In other words, the land is worth twice as much as the shed.

Change the value of the land or the shed (i.e. improvements) and you change the ratio. A $10 piece of land with a $10 shed has a valuation ratio of 1.0. A $10 piece of land with a $15 shed has a valuation ratio of 1.5.

Bergthold said Fresno is expected to be home to 870,000 people by 2035 and 1 million by 2050. The 1 million would live in the city’s current sphere of influence — the 105 square miles of the current city and a fairly unincorporated large area on the outskirts that is already earmarked for future annexation.

Bergthold’s improvement-to-land-value map is full of green, brown and blue dots and squares.

The green markings indicate parcels with a valuation ratio of less than 0.5. The brown markings indicate parcels with a valuation ratio of 0.5 to 0.9. The blue markings indicate parcels with a valuation ratio of 1.0 to 1.5.

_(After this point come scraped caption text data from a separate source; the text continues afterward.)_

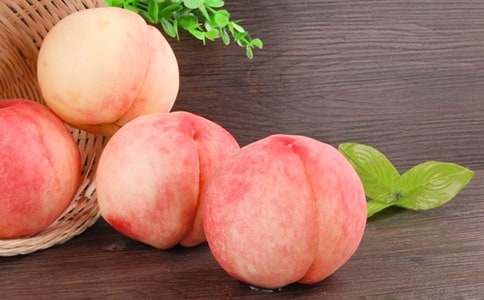 �Ґ۹��l(xi��ng)����������(���\8ƪ)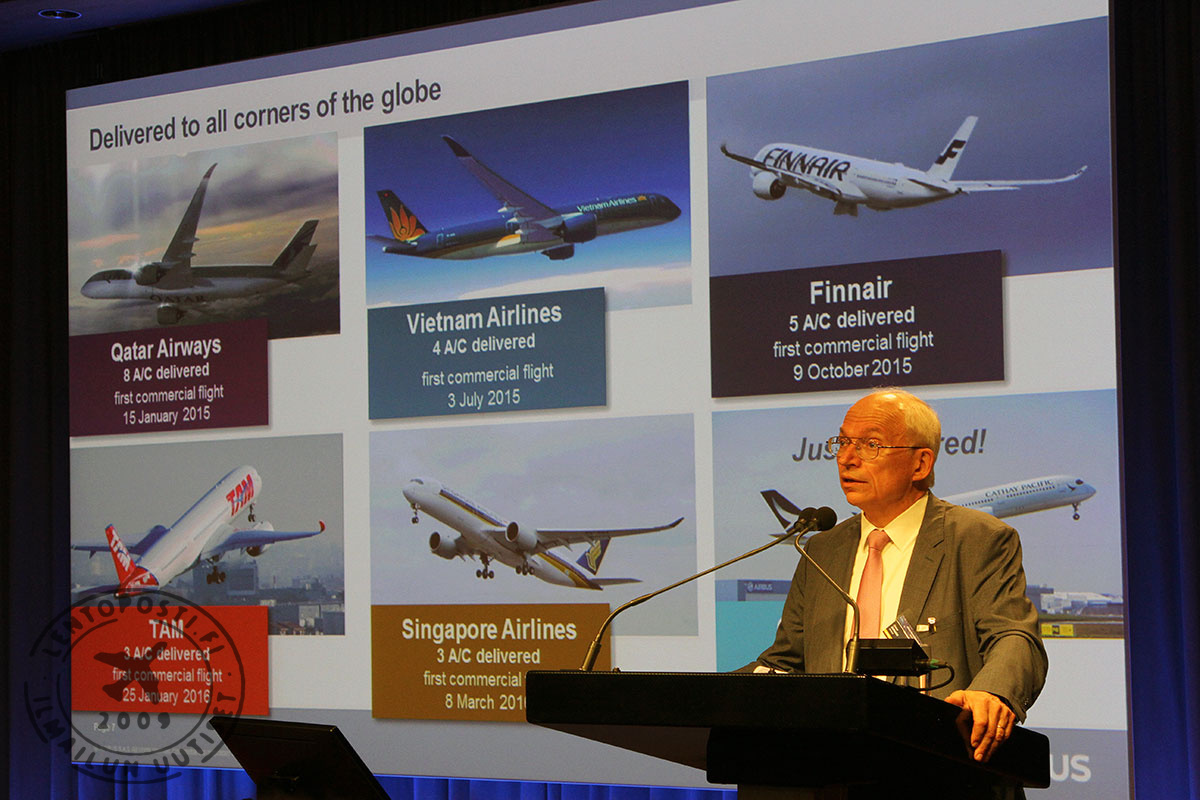ID16_Didier_Evrard_A350_deliveries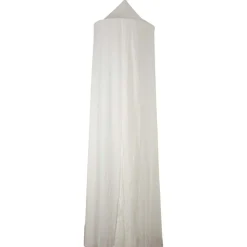 Ciel de lit Cache-cache en forêt (260 cm)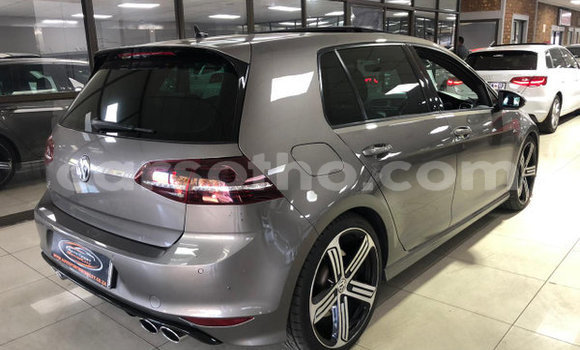 اشتري مستعمل Volkswagen Golf Other سيارة في Hlotse في Leribe اشتري مستعمل Volkswagen Golf Other سيارة في Hlotse في Leribe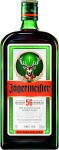 jager 1L.jpg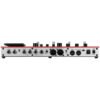 Pedalera multiefectos GP-200R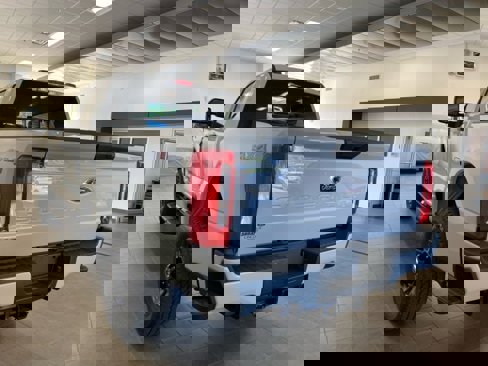 New 2026 Ford F350 4x4 SuperCab Super Duty image 28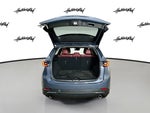 2023 CX-5 Thumbnail 28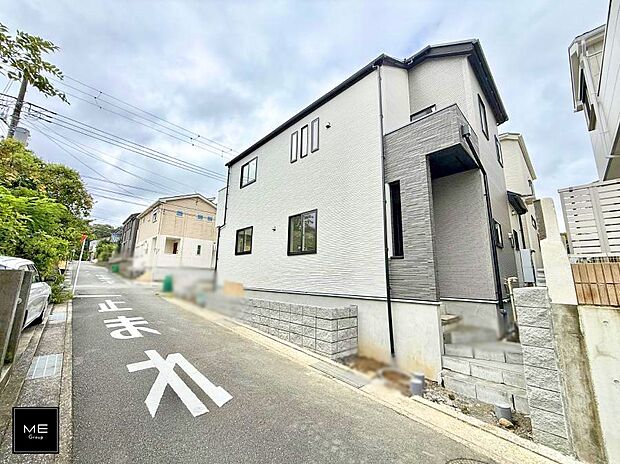 ■新しい時代の息吹を感じる、心地よい環境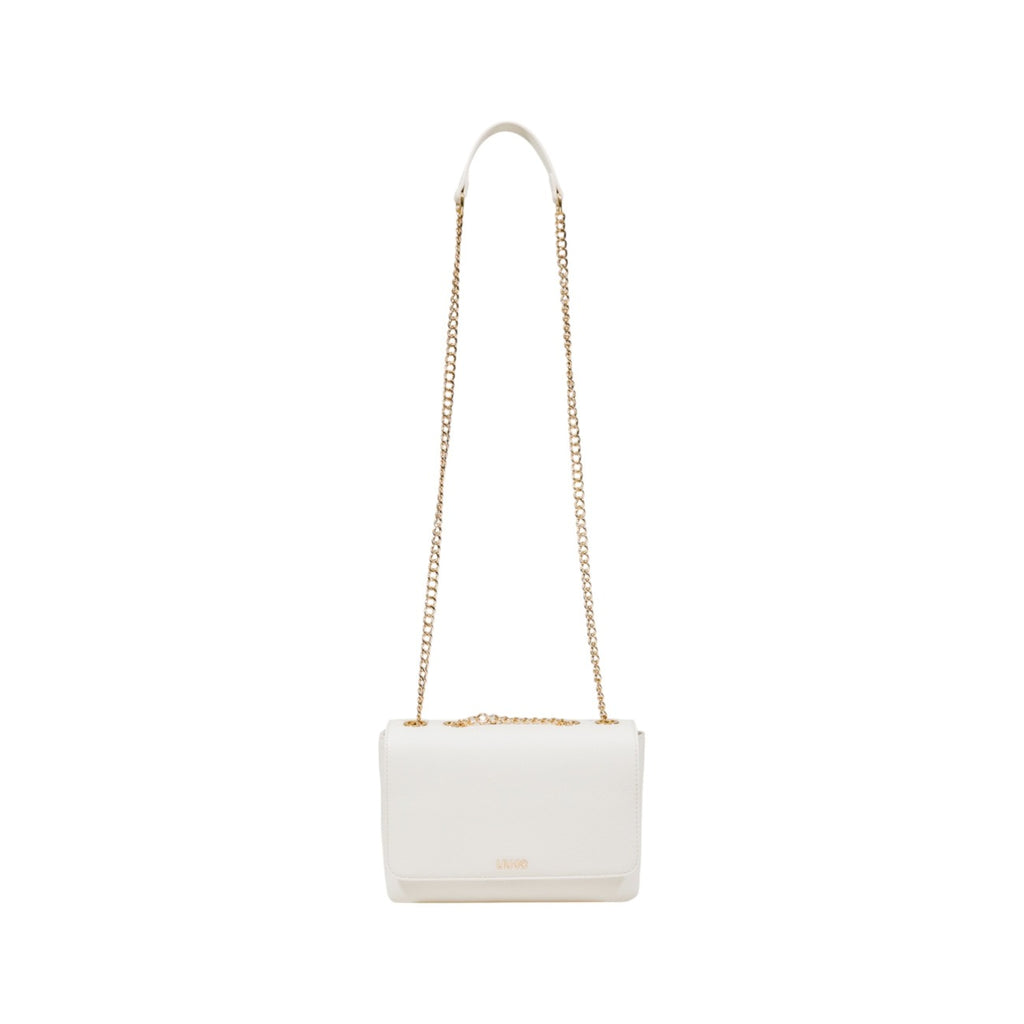 Liu Jo - Liu Jo Borsa Donna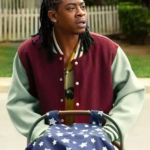 The-Burbs-Langston-Wool-Varsity-Jacket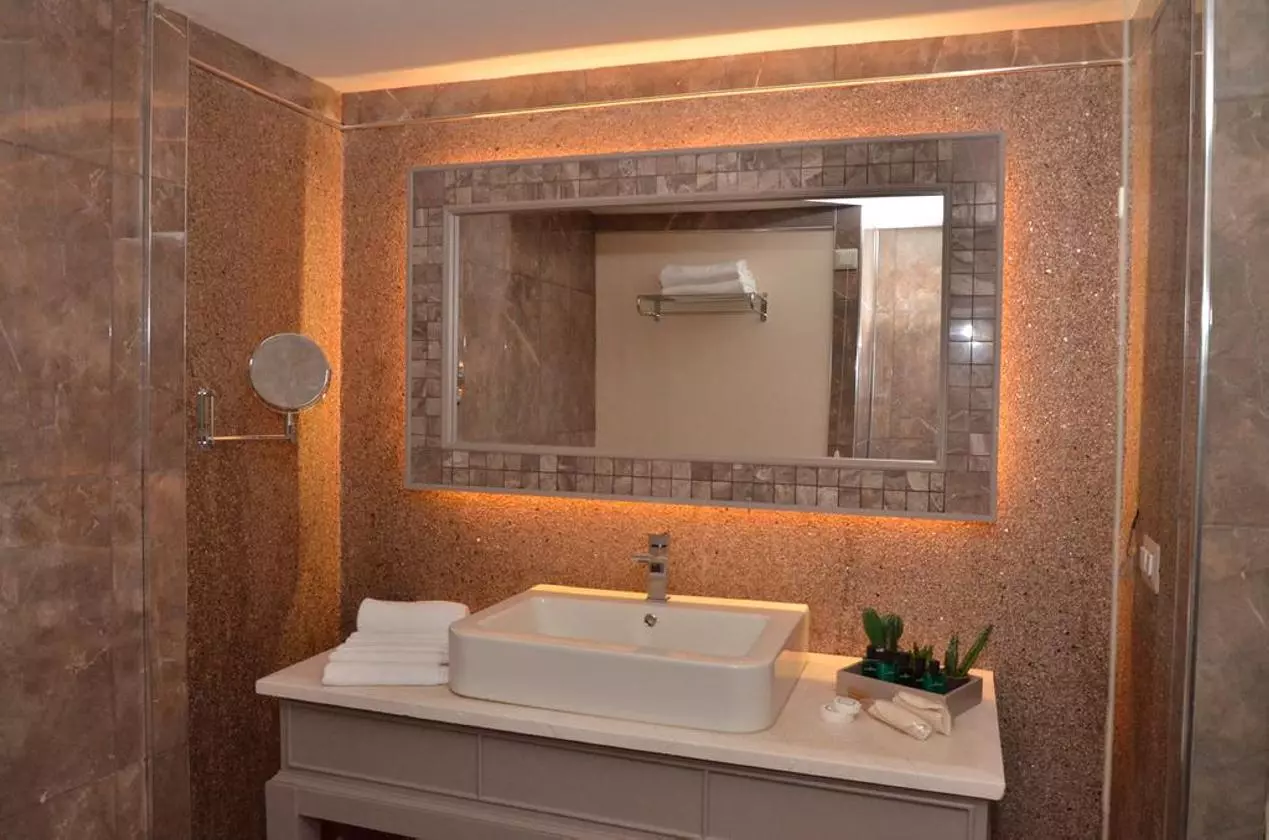 SUHAN360_SHABAVIZ (23).jpg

Areas of the city that aren’t green, brown or blue indicate valuation ratios higher than 1.5.

Why does this matter?

Well, one of the big reasons that Fresno grew so far to the northeast and northwest was cheap land. Or, to be more precise, low improvement-to-land-value ratios.

We know the story.

Prosperity came to many after World War II. More people had cars. Roads and freeways improved. People could drive farther and more cheaply and still get to work. New houses were built. They were nice houses. Demand for suburbs full of nice houses shot through the roof.

The question before John Doe the Developer was simple. Does he pay top dollar for 40 inner-city acres with three successful factories on it, rip down the factory buildings, then build his homes? Or does John Doe, after calculating improvement-to-land-value ratios of various parcels, opt to buy 40 acres of grapes at a time when the per-ton price of raisins was going south?

For 70 years in Fresno, it’s been bye-bye grapes.

“Historically, Fresno has accommodated much of its new growth by developing the cheaper, larger and undeveloped parcels on the fringe,” Bergthold wrote to the subcommittee. “However, much of the remaining land on the fringe of the city within the SOI (sphere of influence) is comprised of smaller and fragmented parcels in less desirable locations with limited access.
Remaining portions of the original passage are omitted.